SPI slave is tough
I have just finished (this afternoon) doing a crude Teensy LC SPI slave for a board I designed. I now see why no one does synchronous communication with a microcontroller as a slave—the timing requirements are tough to meet. I did manage to get my SPI interface working (at least, for communicating with the protocol tool of Digilent's Analog Discovery 2), but I had to add a dummy byte between a request from the master and the slave response, and even then I could only clock the SPI communication at 1MHz, taking 8µs/byte or 125k bytes/s. (If I had a series of single-byte responses to commands, the transfer rate would be 1/3 of that, or 41667 bytes/s.) Luckily, the task I have only needs a 60Hz update and the information to transfer is only 7 or 8 bytes each time.
I'm going to write a blog post about the code soon, after I've cleaned it up a little and gotten another Teensy board acting as a master talking to this slave.
The secret turned out to be keeping the transmit buffer always full, and only refilling it on transmit-empty interrupts (not on receive interrupts). This resulted in a predictable 1-byte delay between queuing a response to a command and when the response would be received. I also had to set the SPI interrupt to have a higher priority than other interrupts (which meant resetting all the rest, since the default is for all to have the highest priority).

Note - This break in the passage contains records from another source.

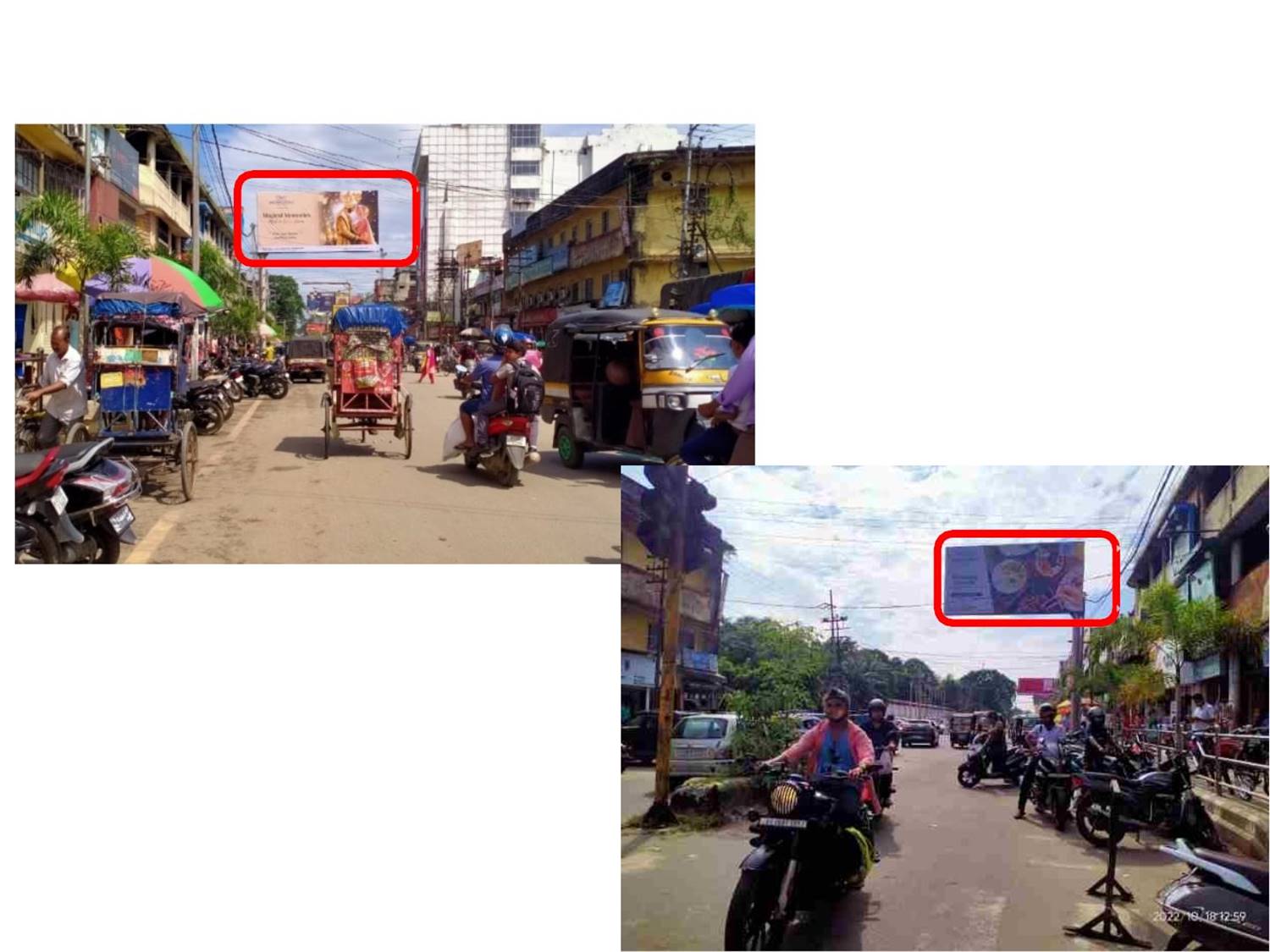 Billboard - Moran Nr. MRF showroom fcg Sivsagar, Dibrugarh, Assam Billboard - Moran Nr. MRF showroom fcg Sivsagar, Dibrugarh, Assam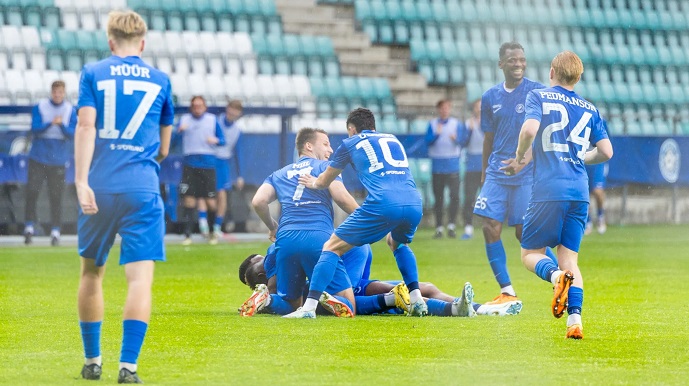 Nhận định, soi kèo Tammeka vs Kuressaare, 23h00 ngày 26/9: Chủ nhà tự tin - Ảnh 7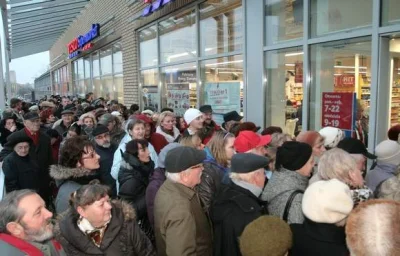 NoOne3 - @8211: Tymczasem w Tesco: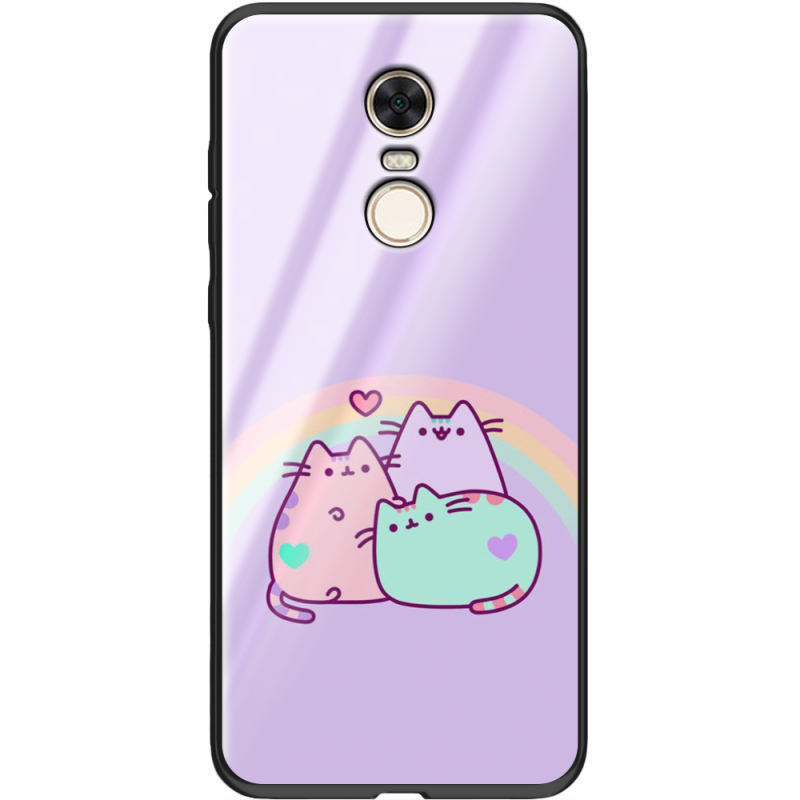 Защитный чехол BoxFace Glossy Panel Xiaomi Redmi 5 Plus 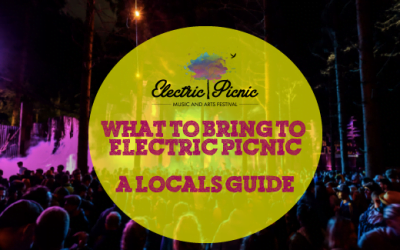 A Local’s Guide On What To Bring To Electric Picnic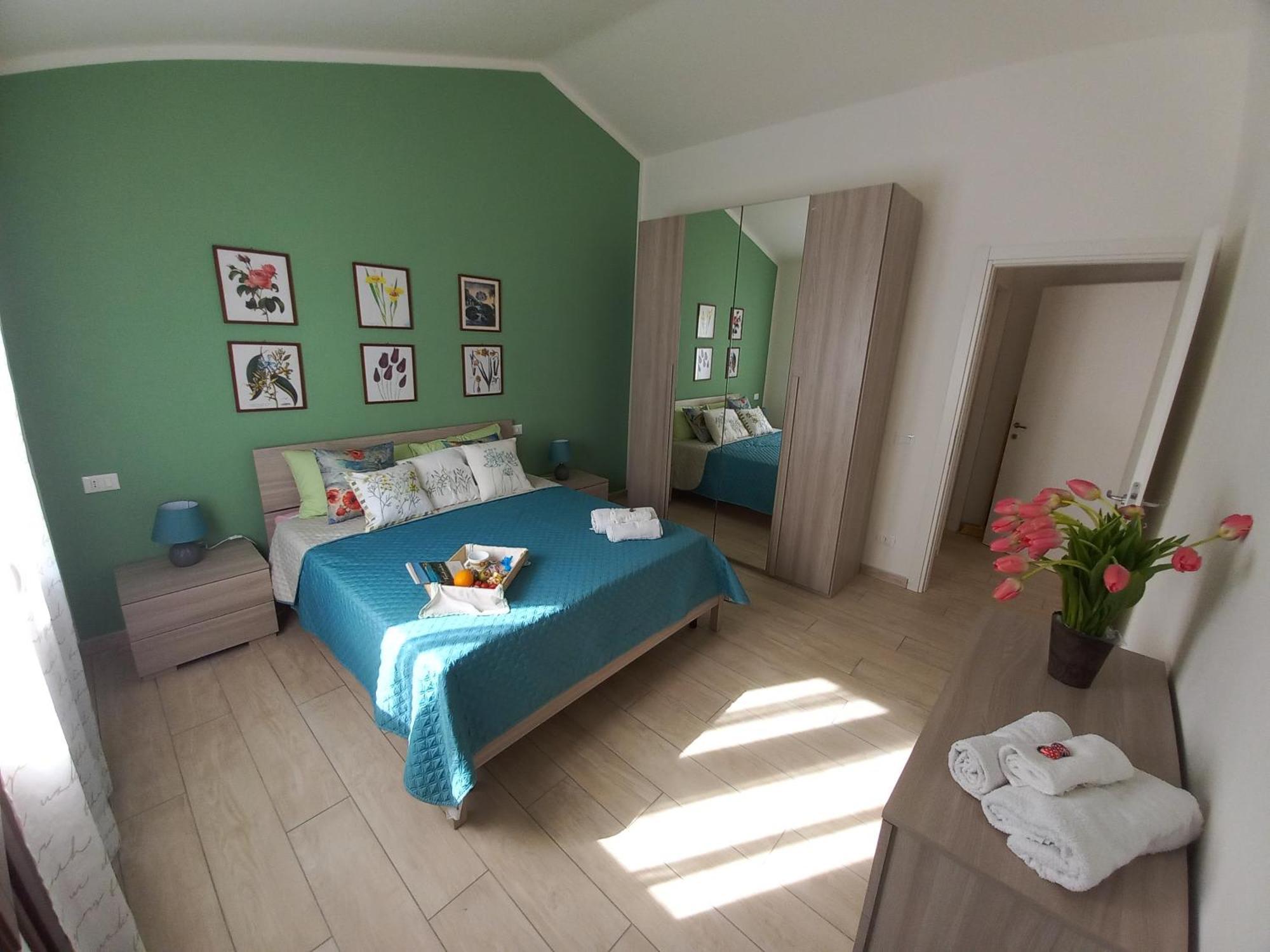 Il Melograno Casa Vacanze 特乌拉达 外观 照片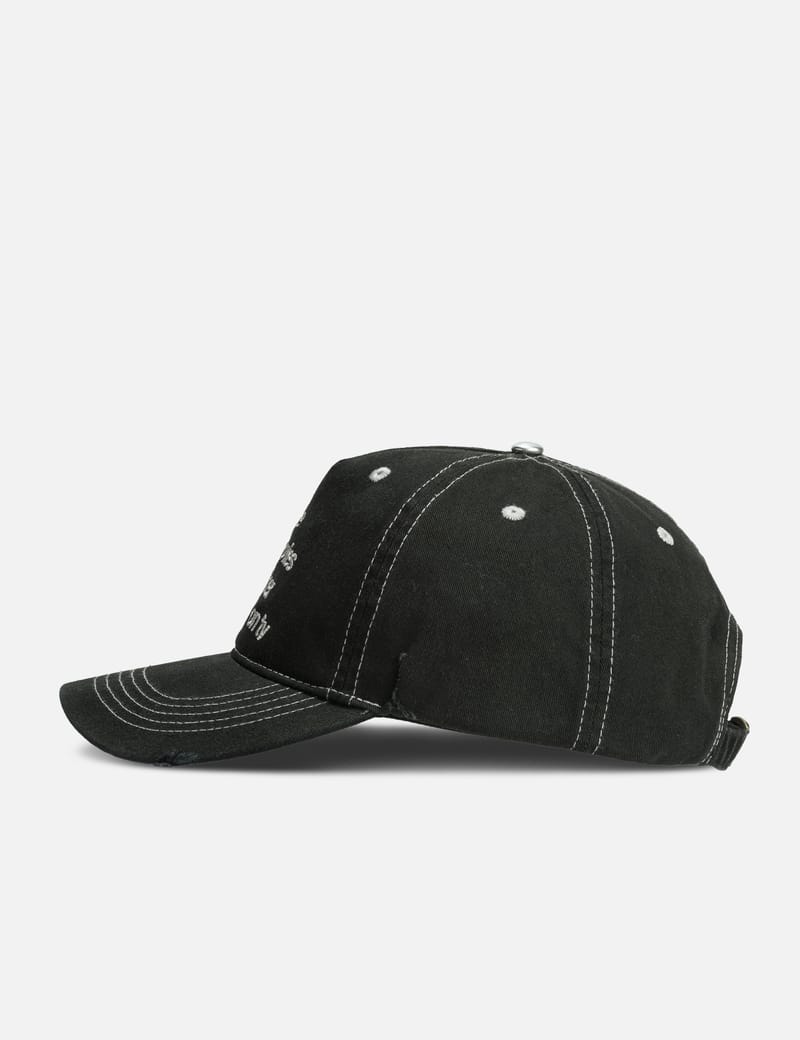 【Praying】25ss VIOLENCE IN MOVIES HAT キャップ Praying - Violence In Movies Hat | HBX - Globally Curated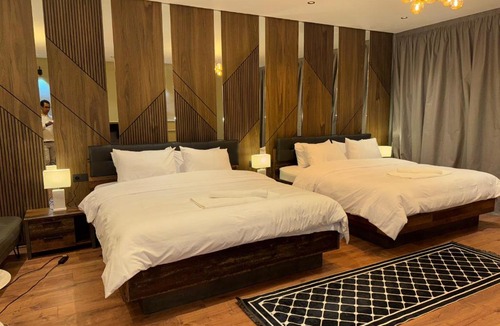 Quartier Al-Atlas Apartment | Suite Bahiya 21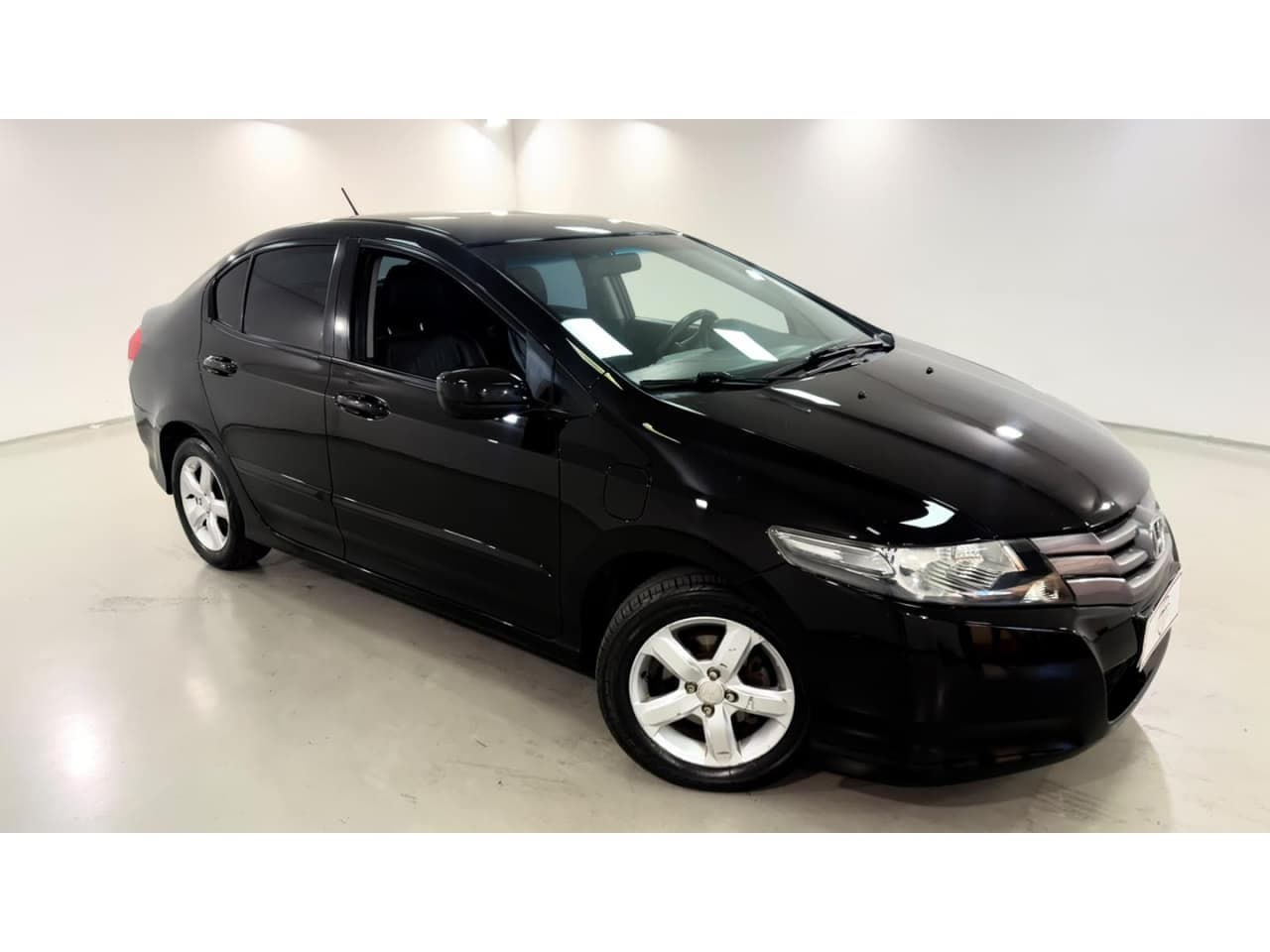 Honda City 1.5 LX 16V FLEX 4P AUTOMÁTICO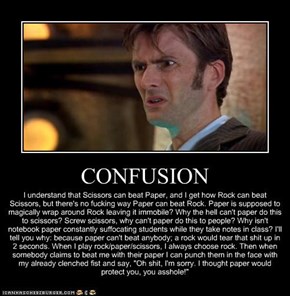 CONFUSION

I don't know whether a general-purpose SPI slave library is a reasonable goal—I tried to make things flexible for my application, but I did not generalize very far. The library that others mentioned gets high data rates, but only by having very high latency: the block of data has to be set up before the command is given. That can be useful for exchanging large quantities of data, but does not follow the usual protocols for SPI communication.